Starting with the line that contains "Ultralight Cam R6651", give again exactly and only each line through the end of the records; include the last line and exclude pictures.

■ **Records provided**

__________________________________________________

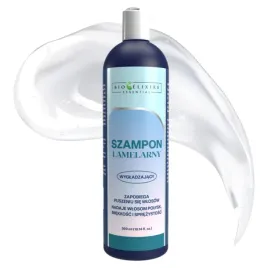 bioelixire-essential-szampon-lamelarny-wygladzajacy-do-wlosow-puszacych-300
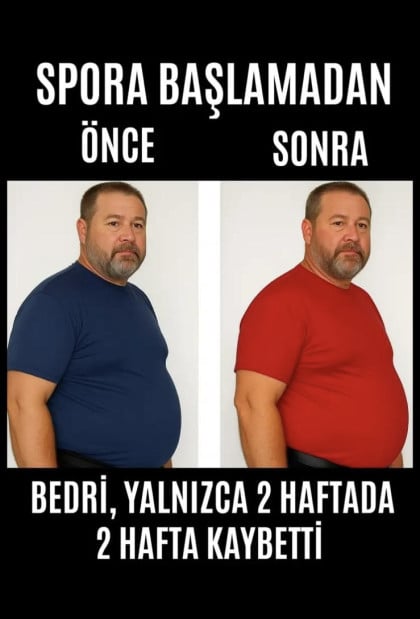 kullanıcı tarafından yüklenmiş görsel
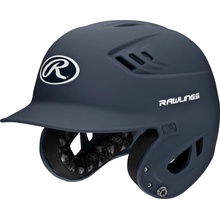 Rawlings R16MS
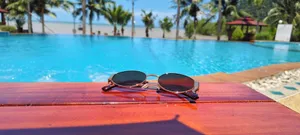 Image of Diamond Beach Resort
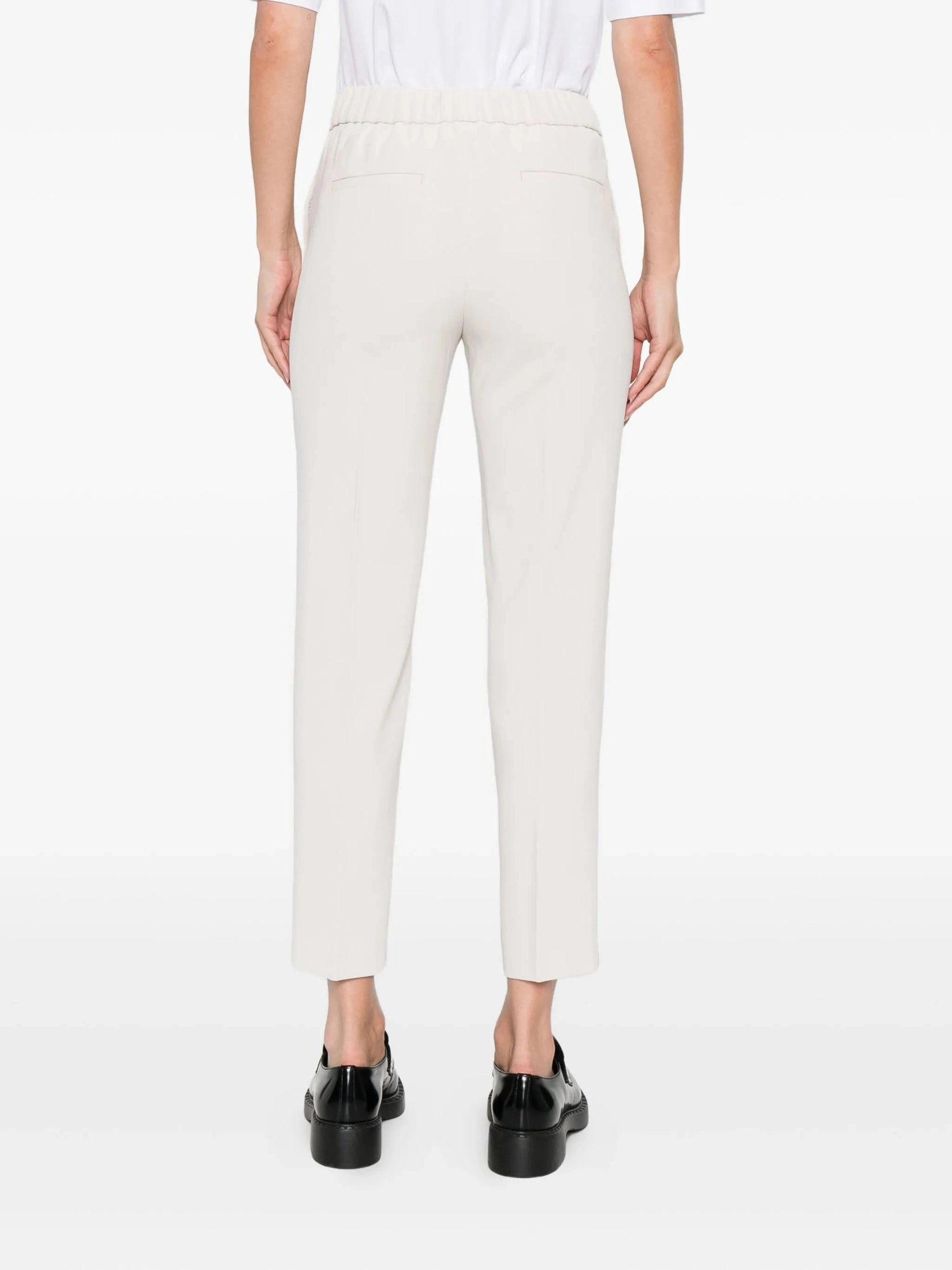 Woman trousers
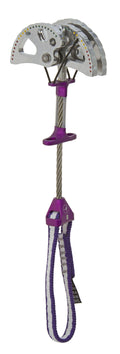 Ultralight Cam R6651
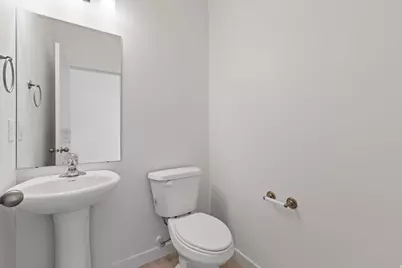 777 W 700 S, American Fork, UT 84003 - Photo 11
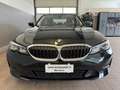 BMW 320 320d xDrive Business Advantage Nero - thumbnail 6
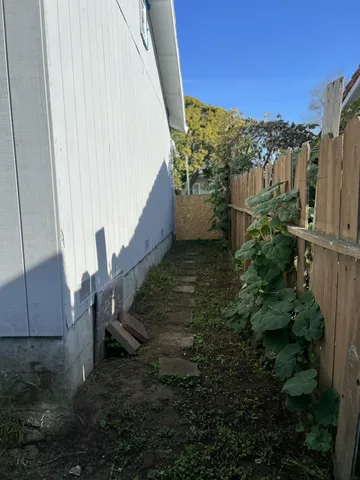 $656,000 | 28 Kadderly Lane, Watsonville, CA 95019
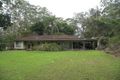 Property photo of 3151 Old Gympie Road Mount Mellum QLD 4550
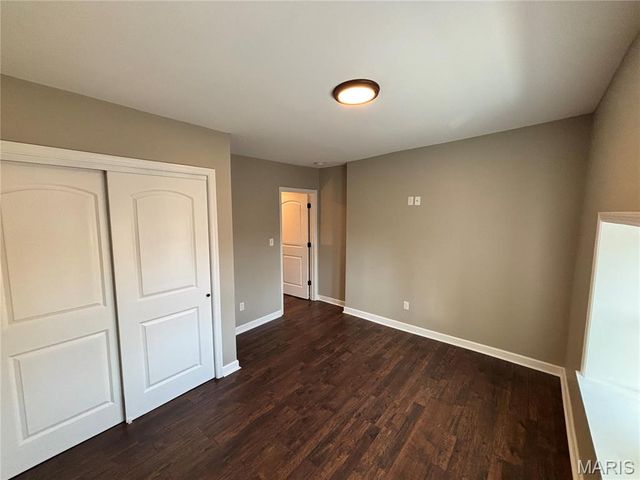 2253 Indiana Avenue, St Louis, MO 63104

__________________________________________________

■ **Task solution**
 Ultralight Cam R6651
 777 W 700 S, American Fork, UT 84003 - Photo 11
 BMW 320 320d xDrive Business Advantage Nero - thumbnail 6
 $656,000 | 28 Kadderly Lane, Watsonville, CA 95019
 Property photo of 3151 Old Gympie Road Mount Mellum QLD 4550
 2253 Indiana Avenue, St Louis, MO 63104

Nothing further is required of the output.